▸ Task description
Restate the listing below word for word, omitting any images.

▸ Data shown
>>
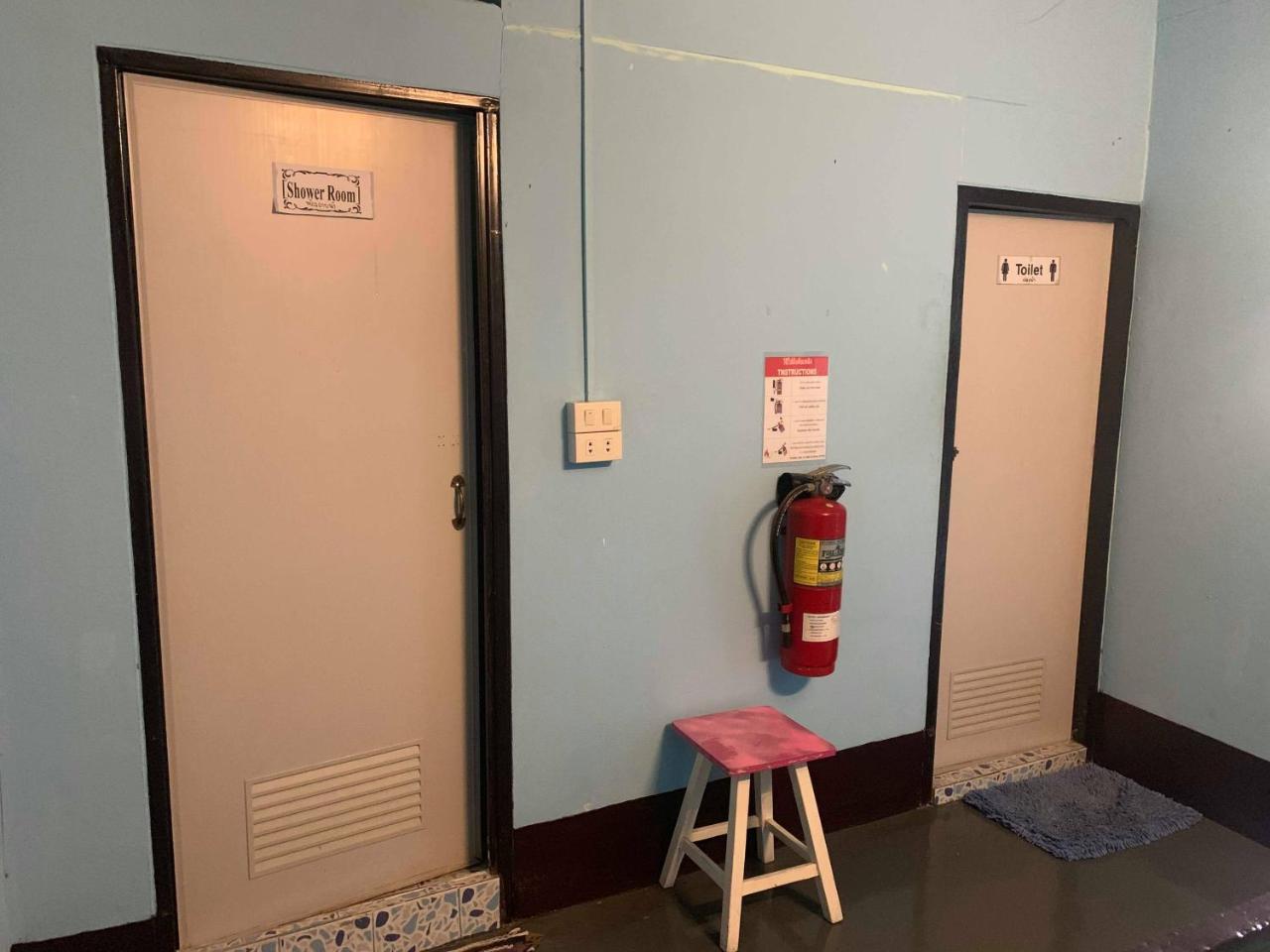 J Giant Hostel Chiang Mai Bagian luar foto
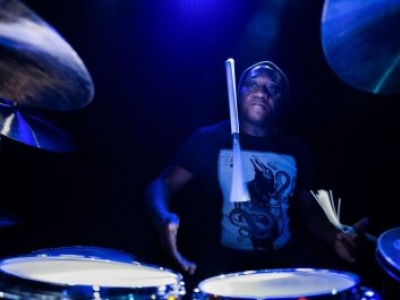 Siemy Di: Professional Drummer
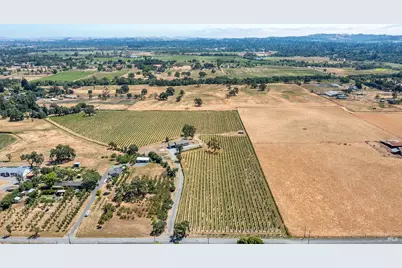 5726 Hall Road, Santa Rosa, CA 95401 - Photo 17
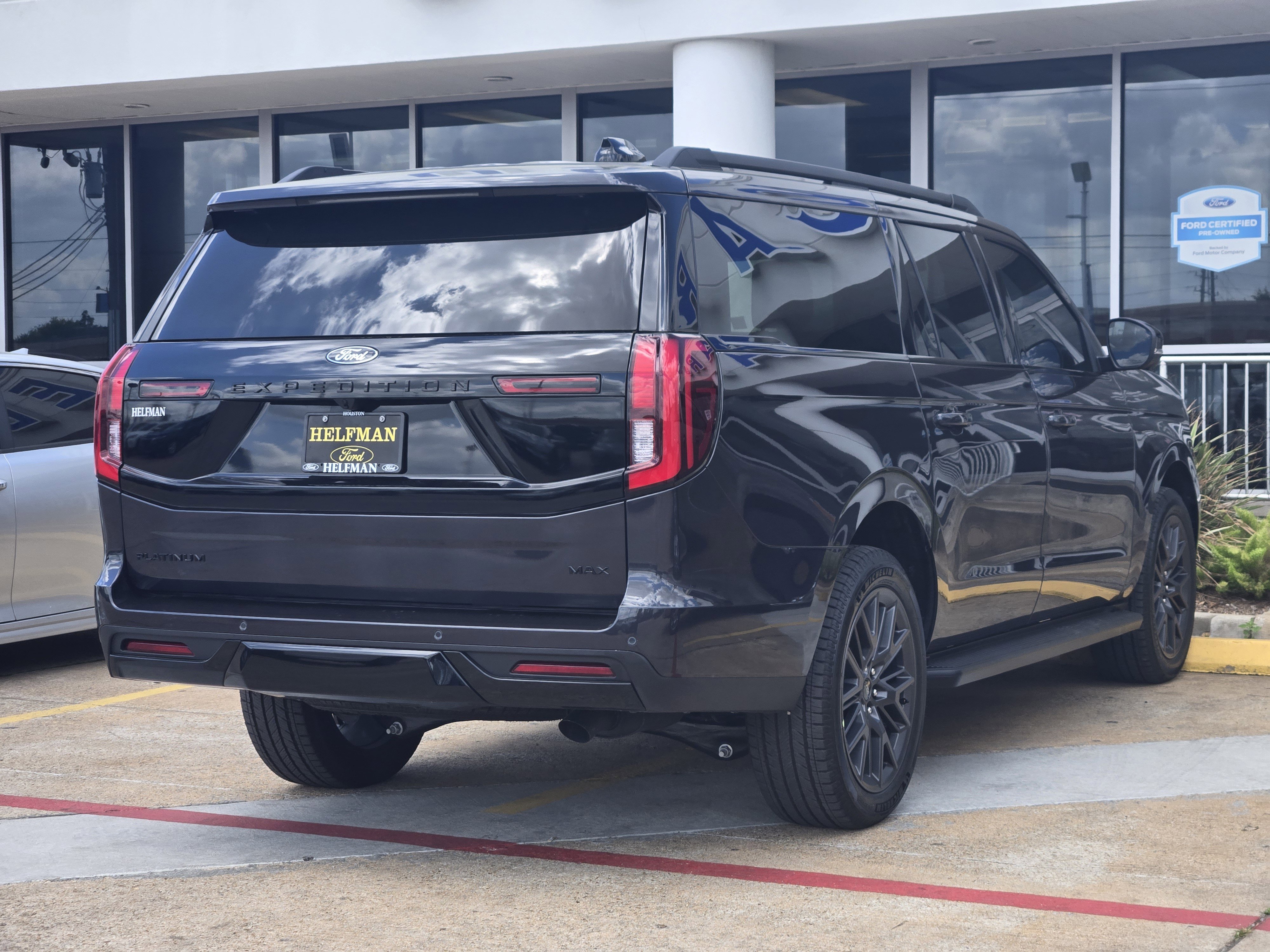 Certified 2026 Ford Expedition Max Platinum w/ Stealth Appearance Package AWD/4WD image 3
<<
▸ Output for this exercise
 J Giant Hostel Chiang Mai Bagian luar foto
 Siemy Di: Professional Drummer
 5726 Hall Road, Santa Rosa, CA 95401 - Photo 17
 Certified 2026 Ford Expedition Max Platinum w/ Stealth Appearance Package AWD/4WD image 3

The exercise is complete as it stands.